Вообще, современная культура сделала едва ли не обратными отношения между словами и образами: отныне слово все больше и больше служит образу, а не наоборот. Это особенно очевидно в массовой культуре (рекламе и т. д.), где словесные высказывания систематически играют вспомогательную роль по отношению к зрительным представлениям. Благодаря «Мифологиям» Ролана Барта (1957) мы знаем, что и современные идеологии передаются главным образом не через артикулированные логические формулировки, а посредством «мифов», многие из которых – включая самые действенные – основаны именно на образах.

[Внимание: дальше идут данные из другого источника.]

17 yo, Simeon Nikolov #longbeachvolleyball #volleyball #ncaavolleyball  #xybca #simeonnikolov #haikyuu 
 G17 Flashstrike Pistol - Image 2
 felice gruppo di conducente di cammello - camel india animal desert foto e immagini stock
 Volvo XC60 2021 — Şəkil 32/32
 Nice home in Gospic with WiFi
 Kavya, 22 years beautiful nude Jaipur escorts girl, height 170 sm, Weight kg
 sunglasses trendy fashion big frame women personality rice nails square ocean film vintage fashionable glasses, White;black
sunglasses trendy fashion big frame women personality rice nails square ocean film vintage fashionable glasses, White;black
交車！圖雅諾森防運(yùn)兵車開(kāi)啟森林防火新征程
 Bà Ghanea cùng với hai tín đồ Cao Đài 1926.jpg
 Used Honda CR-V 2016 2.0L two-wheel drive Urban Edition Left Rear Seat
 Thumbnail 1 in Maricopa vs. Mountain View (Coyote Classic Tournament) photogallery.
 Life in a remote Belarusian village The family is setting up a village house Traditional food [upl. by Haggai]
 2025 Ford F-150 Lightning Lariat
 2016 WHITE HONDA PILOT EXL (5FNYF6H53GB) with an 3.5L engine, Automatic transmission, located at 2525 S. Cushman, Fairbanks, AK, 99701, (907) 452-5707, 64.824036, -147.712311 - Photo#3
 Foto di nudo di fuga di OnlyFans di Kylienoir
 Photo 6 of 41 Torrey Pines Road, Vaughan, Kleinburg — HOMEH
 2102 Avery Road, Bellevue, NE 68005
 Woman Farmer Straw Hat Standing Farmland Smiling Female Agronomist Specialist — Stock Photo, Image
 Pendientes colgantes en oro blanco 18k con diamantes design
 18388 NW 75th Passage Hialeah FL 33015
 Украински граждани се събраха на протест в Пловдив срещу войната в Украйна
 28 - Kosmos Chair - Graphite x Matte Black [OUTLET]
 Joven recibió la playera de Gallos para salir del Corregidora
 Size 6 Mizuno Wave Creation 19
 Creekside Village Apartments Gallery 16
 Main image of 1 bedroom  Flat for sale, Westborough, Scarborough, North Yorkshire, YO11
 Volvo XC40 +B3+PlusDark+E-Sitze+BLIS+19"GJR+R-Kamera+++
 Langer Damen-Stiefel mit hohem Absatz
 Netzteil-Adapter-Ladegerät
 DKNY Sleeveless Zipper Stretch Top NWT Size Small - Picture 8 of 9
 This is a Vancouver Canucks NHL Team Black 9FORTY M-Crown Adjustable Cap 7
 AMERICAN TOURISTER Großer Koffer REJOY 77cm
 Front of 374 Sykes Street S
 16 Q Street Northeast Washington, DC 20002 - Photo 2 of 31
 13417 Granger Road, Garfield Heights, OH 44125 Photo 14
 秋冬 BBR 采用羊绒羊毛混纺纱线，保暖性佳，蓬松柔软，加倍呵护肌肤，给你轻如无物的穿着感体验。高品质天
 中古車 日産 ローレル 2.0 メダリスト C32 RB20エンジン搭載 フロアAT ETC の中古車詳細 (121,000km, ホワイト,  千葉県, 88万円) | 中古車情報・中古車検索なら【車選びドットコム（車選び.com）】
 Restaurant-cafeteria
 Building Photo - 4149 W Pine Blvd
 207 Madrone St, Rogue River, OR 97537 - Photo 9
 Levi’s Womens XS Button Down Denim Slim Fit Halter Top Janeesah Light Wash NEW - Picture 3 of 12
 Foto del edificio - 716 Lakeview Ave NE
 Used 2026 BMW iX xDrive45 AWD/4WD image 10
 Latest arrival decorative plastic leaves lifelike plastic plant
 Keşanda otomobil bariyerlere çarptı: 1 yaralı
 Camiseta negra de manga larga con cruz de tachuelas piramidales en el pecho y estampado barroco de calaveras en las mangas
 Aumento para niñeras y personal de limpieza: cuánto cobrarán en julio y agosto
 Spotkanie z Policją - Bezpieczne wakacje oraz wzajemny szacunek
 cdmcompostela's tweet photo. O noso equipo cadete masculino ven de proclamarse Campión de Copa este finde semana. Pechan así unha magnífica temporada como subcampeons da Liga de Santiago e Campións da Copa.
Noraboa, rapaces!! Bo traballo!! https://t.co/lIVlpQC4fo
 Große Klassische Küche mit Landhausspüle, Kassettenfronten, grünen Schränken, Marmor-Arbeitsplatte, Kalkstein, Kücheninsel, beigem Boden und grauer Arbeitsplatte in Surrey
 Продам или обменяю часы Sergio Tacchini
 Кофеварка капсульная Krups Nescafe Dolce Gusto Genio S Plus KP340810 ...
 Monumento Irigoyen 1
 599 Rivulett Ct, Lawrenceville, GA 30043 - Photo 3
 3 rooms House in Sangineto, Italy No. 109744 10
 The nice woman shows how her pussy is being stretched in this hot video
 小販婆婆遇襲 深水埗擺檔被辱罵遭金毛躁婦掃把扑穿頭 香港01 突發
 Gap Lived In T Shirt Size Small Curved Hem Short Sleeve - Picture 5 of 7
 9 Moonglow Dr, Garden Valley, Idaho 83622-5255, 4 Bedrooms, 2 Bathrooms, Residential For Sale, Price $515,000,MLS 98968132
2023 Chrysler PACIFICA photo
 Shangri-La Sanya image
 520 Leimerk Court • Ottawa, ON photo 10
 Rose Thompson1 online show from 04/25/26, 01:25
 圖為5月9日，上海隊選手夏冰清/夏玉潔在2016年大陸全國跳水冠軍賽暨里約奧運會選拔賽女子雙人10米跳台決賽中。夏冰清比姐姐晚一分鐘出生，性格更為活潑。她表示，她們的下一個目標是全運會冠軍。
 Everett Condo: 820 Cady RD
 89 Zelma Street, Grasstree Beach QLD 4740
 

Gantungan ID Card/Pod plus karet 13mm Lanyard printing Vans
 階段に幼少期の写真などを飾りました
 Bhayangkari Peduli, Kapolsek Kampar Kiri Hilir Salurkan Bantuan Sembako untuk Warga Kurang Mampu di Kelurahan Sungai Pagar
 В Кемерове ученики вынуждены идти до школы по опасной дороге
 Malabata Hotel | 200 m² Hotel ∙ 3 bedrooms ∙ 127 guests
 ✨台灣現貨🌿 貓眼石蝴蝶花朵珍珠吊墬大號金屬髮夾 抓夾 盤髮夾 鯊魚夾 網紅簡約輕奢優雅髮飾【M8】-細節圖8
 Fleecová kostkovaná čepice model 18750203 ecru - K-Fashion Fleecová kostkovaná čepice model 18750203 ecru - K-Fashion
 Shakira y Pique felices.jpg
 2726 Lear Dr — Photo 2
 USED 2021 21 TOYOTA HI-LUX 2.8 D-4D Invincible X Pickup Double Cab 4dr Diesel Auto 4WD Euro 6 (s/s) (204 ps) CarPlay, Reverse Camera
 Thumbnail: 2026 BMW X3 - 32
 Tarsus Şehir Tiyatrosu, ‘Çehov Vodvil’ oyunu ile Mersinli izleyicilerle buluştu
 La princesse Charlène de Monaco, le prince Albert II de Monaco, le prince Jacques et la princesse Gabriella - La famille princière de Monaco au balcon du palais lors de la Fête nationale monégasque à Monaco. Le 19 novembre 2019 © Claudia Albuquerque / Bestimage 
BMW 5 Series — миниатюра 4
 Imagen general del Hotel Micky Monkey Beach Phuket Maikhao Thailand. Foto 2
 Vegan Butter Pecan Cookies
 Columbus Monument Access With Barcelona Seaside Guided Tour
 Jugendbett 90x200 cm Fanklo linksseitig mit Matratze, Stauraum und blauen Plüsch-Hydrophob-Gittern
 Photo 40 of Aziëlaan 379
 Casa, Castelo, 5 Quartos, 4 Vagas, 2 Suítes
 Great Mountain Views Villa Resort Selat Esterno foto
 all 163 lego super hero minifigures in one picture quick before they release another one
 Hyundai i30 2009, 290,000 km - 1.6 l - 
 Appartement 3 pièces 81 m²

В конечном счете идеология стремится сформировать в сознании своего потребителя не ясную идею, которую можно было бы подтвердить или опровергнуть обычными средствами логики, но своего рода образ, чья неопределенность делает его поливалентным и неуязвимым для рациональной критики. Происходит своего рода инволюция: идея возвращается к своему исходному значению «формы», «фигуры», растворяя логические членения в континууме перцептивных и фигуративных представлений.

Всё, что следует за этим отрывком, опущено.